Every ADR session starts with a cue sheet -- a frame-accurate list of every line that needs to be re-recorded. The cue sheet includes the timecode in and out, the original dialogue line, any modified dialogue, the character name, and notes about emotional context or performance direction. A typical one-hour television episode generates a cue sheet with 40-80 individual cues.

The cue sheet is prepared by the dialogue editor, who identifies unusable production audio during the editorial process. Each cue is flagged with a reason code: noise (unwanted ambient sound), performance (creative change), technical (microphone failure or distortion), or addition (new dialogue not in the original production). This categorization helps the ADR supervisor plan the session efficiently -- performance cues need the most takes, while technical replacements can usually be nailed in two or three.

Matching the Production Microphone Character

The single most important technical factor in successful ADR is matching the tonal character of the production microphone. If the original dialogue was recorded with a Sanken COS-11 lavalier hidden in the actor's hair, re-recording it with a Neumann U 87 in a treated booth will sound obviously different. The proximity effect, the off-axis response, the cable noise -- all of these characteristics need to be replicated or processed to match.

In practice, this means the ADR engineer needs detailed notes about the production sound setup: which microphones were used on which actors, at what distance, in what acoustic environment. With that information, the ADR recording can be equalized and processed to match the production sound's frequency response and ambient character. The match doesn't need to be perfect -- it needs to be good enough that the re-recording mixer can blend them together in the final mix without the audience noticing the transition.

The ADR Recording Session

A professional ADR session runs 2-4 hours per actor and covers 20-50 cues depending on complexity. The actor watches the scene on a screen, hears three beeps followed by a streamer (a visual line that sweeps across the screen to indicate timing), and delivers the line in the window between the streamer's arrival and the original dialogue's start point.

The ADR supervisor's job during the session is to direct the performance -- not just the words, but the breath, the emotional intensity, the physical energy. A line delivered while running sounds different from the same line delivered while standing still, even if the actor is stationary in the booth. The ADR supervisor will have the actor move their body, change their breathing pattern, or adopt a physical posture that matches the on-screen action.

Each cue typically gets 3-6 takes. The first two takes are warm-up -- the actor is getting into the character's headspace.
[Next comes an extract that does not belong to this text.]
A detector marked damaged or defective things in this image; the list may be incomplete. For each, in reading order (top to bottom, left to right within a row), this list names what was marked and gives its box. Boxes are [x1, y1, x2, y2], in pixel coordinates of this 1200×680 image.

Takes three through five are usually the strongest. Take six and beyond, fatigue sets in and performance quality drops. If a cue hasn't been nailed by take six, the ADR supervisor will move on and come back to it later with fresh ears.
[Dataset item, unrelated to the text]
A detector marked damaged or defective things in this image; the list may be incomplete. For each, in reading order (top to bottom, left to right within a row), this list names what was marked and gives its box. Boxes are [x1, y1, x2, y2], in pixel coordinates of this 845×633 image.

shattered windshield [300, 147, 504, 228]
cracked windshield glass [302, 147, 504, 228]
Technical Setup and Signal Chain

The standard ADR recording chain: actor performs in an acoustically treated booth (targeting NC-15 or better), microphone is typically a Neumann U 87 or U 67 in cardioid mode at 12-18 inches from the mouth, signal passes through a high-quality preamp (Neve 1073 or equivalent) set for 40-50 dB of gain, and is recorded at 96 kHz / 24-bit into Pro Tools.

The Pro Tools session is organized with the original production audio on reference tracks (muted during recording but available for comparison), the ADR takes on playlisted record tracks, and a dedicated streamer/beep track that generates the three-beep-and-streamer cue. The ADR recordist sets the input gain so that the actor's loudest delivery peaks at -6 dBFS, leaving 6 dB of headroom for louder-than-expected deliveries.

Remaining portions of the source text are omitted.